A policy paper on public access that calls for new legislation around dog control, public indemnity and a public education programme has been published by the Irish Natura and Hill Farmers Association (INHFA).
The policies outlined are based on the outcomes from a survey conducted with the INHFA membership over the last number of weeks, the association's vice-president Pheilim Molloy explained.
Molloy said there was real concern relating to the threat posed to farmers and their livestock from walkers bringing dogs on to hills and farmlands.
"On this basis, we are asking our Oireachtas members to legislate and ensure all non-working dogs are not allowed on to our hills and farmlands.
"While legislation such as this will clearly reduce the impact of stress and damage to farm animals such as sheep, it will also provide absolute clarity for anyone accessing our hills and reassurance to farmers and landowners in the event of non-compliance," said Molloy.
Concerns around insurance also featured strongly in the survey.
The INHFA "outlined the requirement for the Oireachtas to compel through legislation that anyone involved in accessing for recreational purposes property that is not theirs to have private and public liability insurance".
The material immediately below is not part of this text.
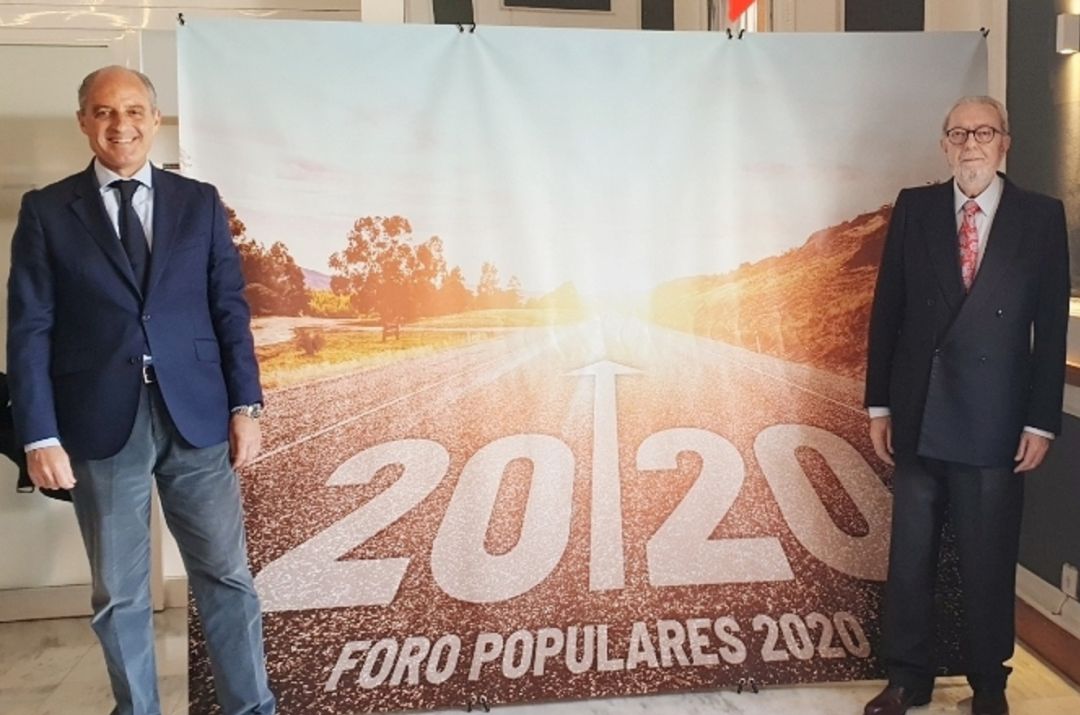 Camps y Agramunt en el acto de constitución de la plataforma civil este jueves Camps y Agramunt en el acto de constitución de la plataforma civil este jueves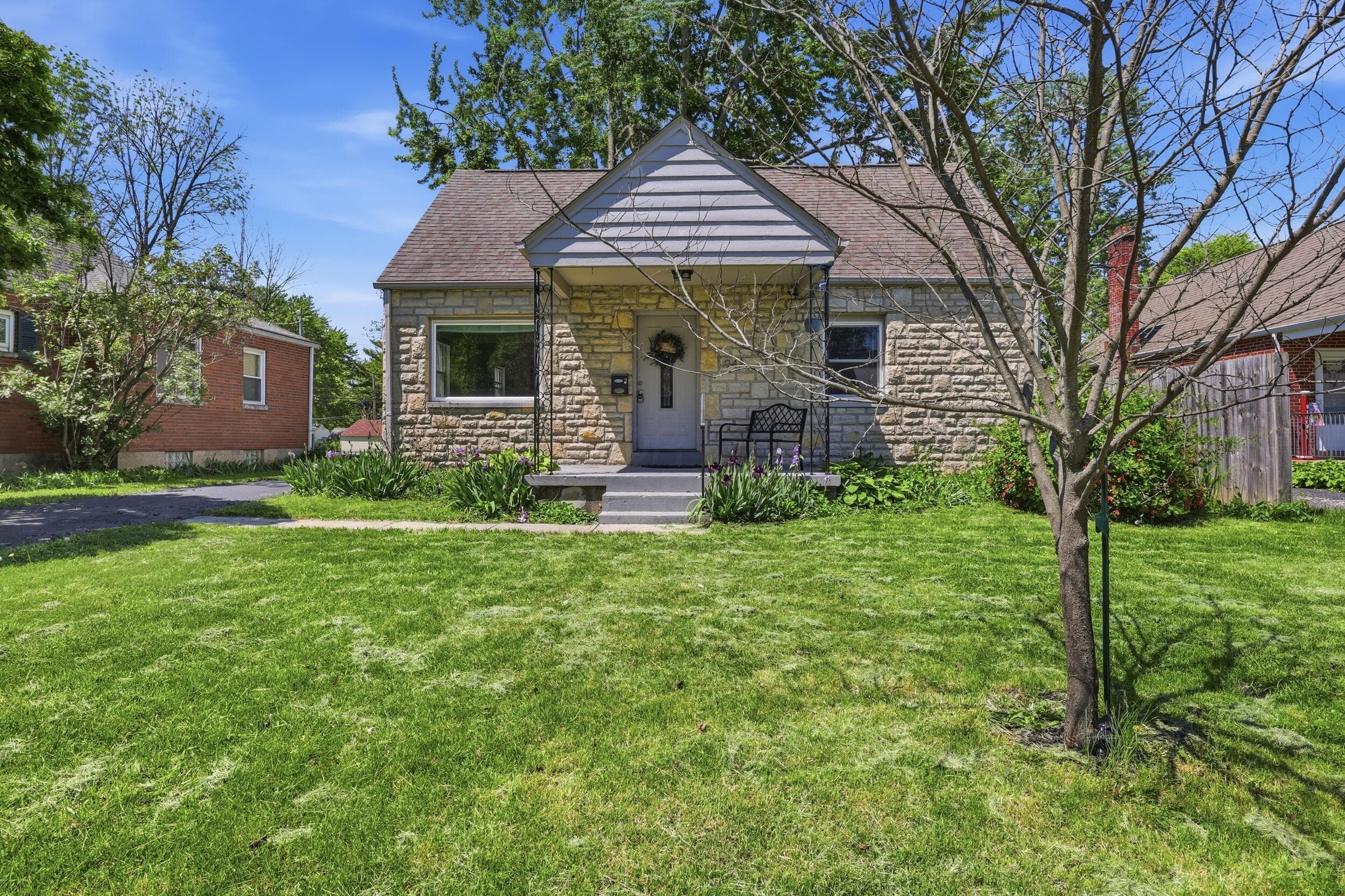 943 S Chesterfield Road, Columbus, OH 43209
"In proposing this, we are conscious that other sectors of our economy could benefit through reduced insurance exposure, which could be an added incentive,” maintained Molloy.
The INHFA also proposes that the Oireachtas enacts alternative legislation, ensuring anyone accessing farmland does so at their own risk and automatically waives the right to claim against the property owner.
Beyond these recommendations, the INHFA is also looking for public support to increase awareness around land ownership.
"The simple concept that commonage land is private land held in common by a specific number of landowners is something that members of the public and beyond are unaware of," said Molloy.
There is, he continued, a need for a public education programme to explain the rights of farmers and responsibilities of recreational users, as well as acceptance from those promoting walking that there is a serious problem within public access that is leaving landowners vulnerable to abuse and harm.
“A further issue the organisation outlined relates to possible damage of sensitive habitats as a result of the current free-for-all approach in relation to public access.
"For farmers on special areas of conservation (SAC) and special protected areas (SPA), high footfall on these sites is likely to cause damage that could impact directly on them," Molloy said.
With a high percentage of our hills designated as one of these habitats, there is, he stressed, a responsibility on the State to recognise this and act to protect both the sites and the landowner who owns it.
According to the survey conducted by the INHFA, over 70% of farmers had recreational users crossing their land on a daily or weekly basis.